Intro to Osquery: Frequently Asked Questions for Beginners

Written by Amber Picotte | 7/12/18 10:38 PM

It’s back! osquery@scale ‘22: Risk Reduction for Modern Defenders will be happening in person at San Francisco’s Exploratorium on September 14 & 15. Join us for 2 days of captivating content, hands-on learning, and fun with your fellow osquery community members.

There is a growing and passionate community around osquery, actively sharing information and perspective, answering questions, exposing challenges and dispelling misconceptions. Even so, learning the basics as you're getting started requires a lot of piecing together bits of wisdom (ie Googling + reading + networking).
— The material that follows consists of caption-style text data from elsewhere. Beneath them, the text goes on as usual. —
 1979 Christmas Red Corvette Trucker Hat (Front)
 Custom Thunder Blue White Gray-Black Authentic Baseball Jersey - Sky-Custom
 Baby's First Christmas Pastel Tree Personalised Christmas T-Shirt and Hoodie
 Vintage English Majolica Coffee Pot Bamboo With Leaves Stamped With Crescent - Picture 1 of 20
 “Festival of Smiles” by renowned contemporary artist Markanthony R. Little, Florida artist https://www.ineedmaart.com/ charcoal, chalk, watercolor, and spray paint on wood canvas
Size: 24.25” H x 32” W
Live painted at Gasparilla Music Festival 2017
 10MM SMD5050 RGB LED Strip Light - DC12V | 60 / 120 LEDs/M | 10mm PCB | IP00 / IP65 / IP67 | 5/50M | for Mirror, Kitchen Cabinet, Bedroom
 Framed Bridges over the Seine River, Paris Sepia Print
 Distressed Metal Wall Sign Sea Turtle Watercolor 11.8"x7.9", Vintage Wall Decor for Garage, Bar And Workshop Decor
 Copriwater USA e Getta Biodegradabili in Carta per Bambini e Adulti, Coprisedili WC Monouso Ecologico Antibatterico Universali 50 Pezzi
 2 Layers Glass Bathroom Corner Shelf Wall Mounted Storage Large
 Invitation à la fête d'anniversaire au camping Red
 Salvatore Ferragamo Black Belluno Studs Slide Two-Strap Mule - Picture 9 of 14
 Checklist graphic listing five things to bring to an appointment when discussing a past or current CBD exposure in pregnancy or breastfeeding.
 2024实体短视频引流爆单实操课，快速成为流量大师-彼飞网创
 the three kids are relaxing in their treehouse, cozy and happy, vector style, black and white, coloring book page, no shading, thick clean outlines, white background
The intention of this post is to a) curate some of the great content from the community b) organize it to cover common questions for beginners c) incorporate some of what we've learned over the past three years through the Uptycs journey. If you like it, and it is helpful, let us know on Twitter and we'll create a more advanced FAQ next time around.

What Is Osquery?

Osquery is a universal endpoint agent that was developed by Facebook in 2014. It is an active and growing open source project on GitHub, with 230 contributors and more than 90 releases to-date.

According to the official osquery docs, osquery (os=operating system) is an operating system instrumentation framework that exposes an operating system as a high-performance relational database. Using SQL, you can write a single query to explore any given data, regardless of operating system.

This is a unique approach in the security landscape, creating one agent for many operating systems, leveraging a standard query language instead of creating a proprietary one, and collecting rich data sets that have broad applications. Osquery represents a fundamental rethinking of the fragmented, siloed approach plaguing the security industry today.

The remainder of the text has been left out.